STREAMS project has made significant progress during the last 2nd period and has achieved significant objectives with respect to its constituent technology blocks, system level architectures and its envisaged transceiver and routing demonstrators. Some small time-delays on the Si-photonic PIC fabrication and the board-level assemblies mainly due to the MPW run schedules have been successfully
absorbed with the project’s extension to 42 months that was decided after the first review meeting. Fabrication challenges have been experienced in the successful integration of III-V on SOI in-plane lasers and nanoamplifiers and thorough investigation as well as alternative solutions have been sought towards enabling a successful demonstration of the final system-scale interconnect architectures.
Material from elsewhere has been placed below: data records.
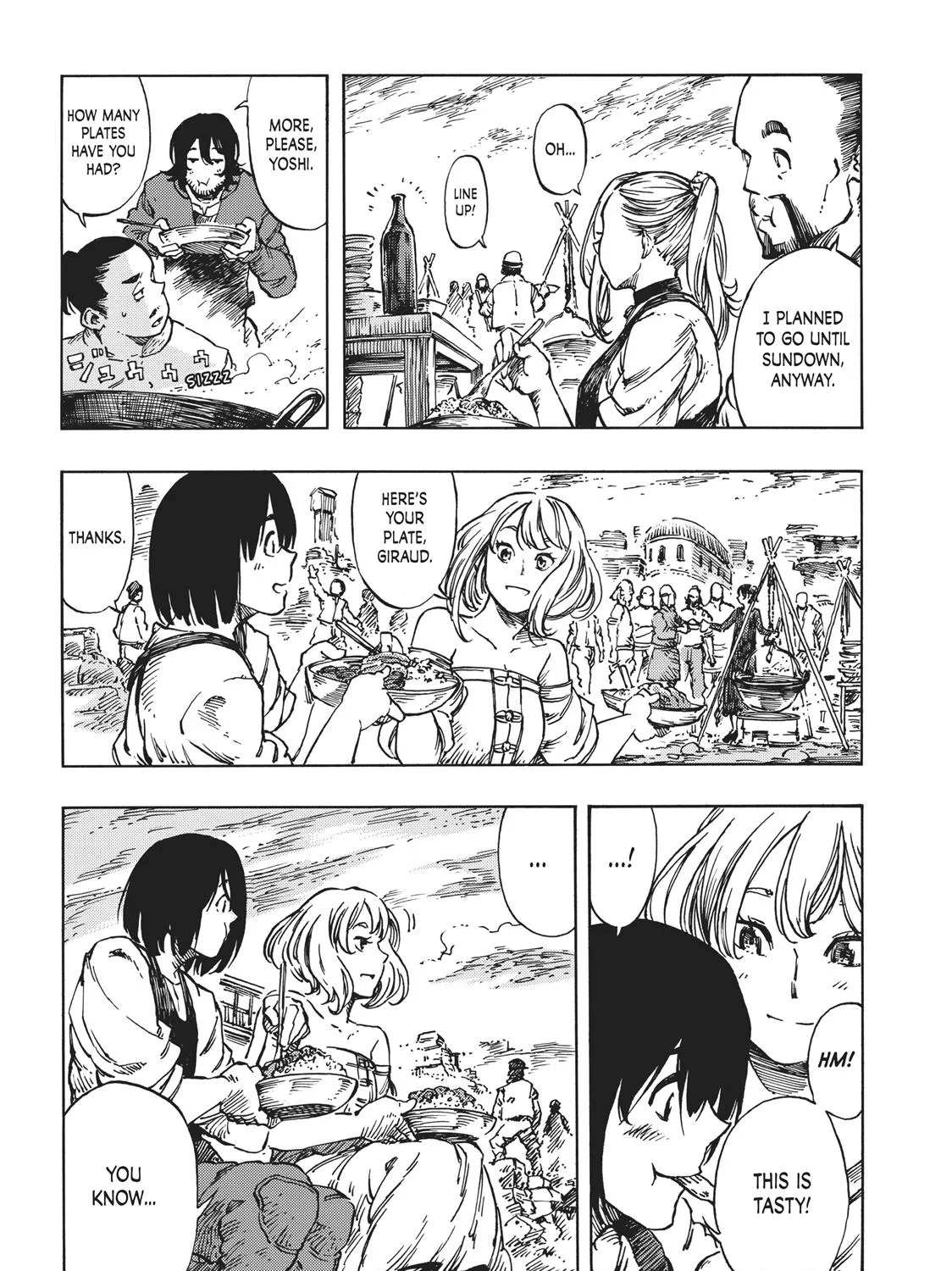 Kuutei Dragons Chapter 10 page 58 - 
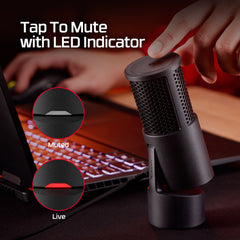 HyperX SoloCast 2 – Microphone USB
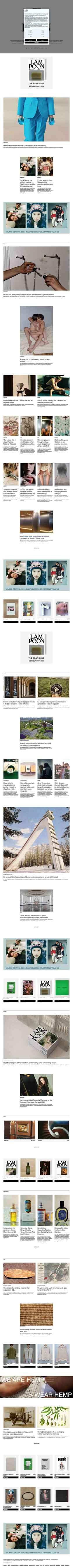 Posnetek zaslona lampoonmagazine.com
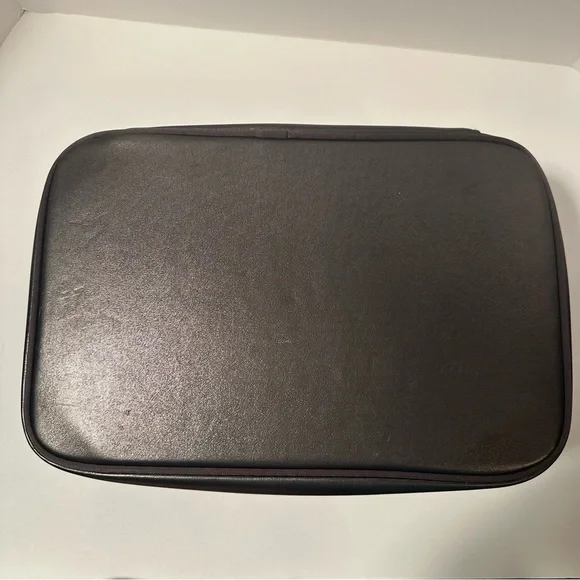 Lancôme Two Tier Zipper Makeup Case with Handle - Picture 12 of 16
All constituent building blocks as well as the complete 8x-optical engine and the board-level routing system have been designed and evaluated, concluding to breakthrough results that are currently defining the state of the art in Si-based 400Gb/s and low-energy transceiver and routing systems for Datacom and computercom applications. More specifically, ICT-STREAMS demonstrated successfully: a) a 4-channel 200Gb/s transceiver sub-assembly comprising a Si-Pho 4-ch transceiver chip wirebonded to a 4-ch driver+TIA circuit and delivering energy consumption of only 4.2 pJ/bit, b) an 8-channel 400Gb/s Si-based transceiver, c) a record bandwidth-distance product transmission of 50Gb/sx52km using its electro-optical Si-based transmitter sub-assembly, d) on-board 8x8 and 16x16 AWGR elements assembled onto an EOPCB, and e) an ICT-STREAMS server blade interconnect for an 8x8 configuration via physical layer simulations, studying the interconnect architecture in two types of operation, namely: any-to-any and broadcasting. This has been based on a novel wavelength detuned transmission scheme for the transmitter interfaces that has been experimentally validated and takes into account the sub-optimal inband cross-talk of the AWGR, enabling in this way all-to-all p2p interconnection and highlighting the roadmap for fully-loaded AWGR-based transmission schemes even with suboptimal crosstalk values. Moreover, a variety of CLIPP devices to serve for the thermal drift compensation system of ICT-STREAMS have been designed and successfully evaluated in the first Silicon PIC active run (A1) so as to steer and hold the photonic stages to the optimal working point and compensate for the predicted severe crosstalk effects among the active components, included in the STREAMS demonstrators. A third run for EOCB (EOCB3) was been scheduled in order to host A2 and P3 silicon chips. The new EOCB3 boards were designed, fabricated and finally released in June 2019. During the last period, more than 55 papers have been accepted in scientific journals, magazines, international conferences and workshops. Finally, ICT-STREAMS consortium has participated in standardization bodies as well as in many events, workshops and exposition promoting the outcomes of the project. The consortium has been constantly monitoring the relevant IPR and the evolution in standards and the detailed exploitation outcomes and exploitation pathways per partner have been updated.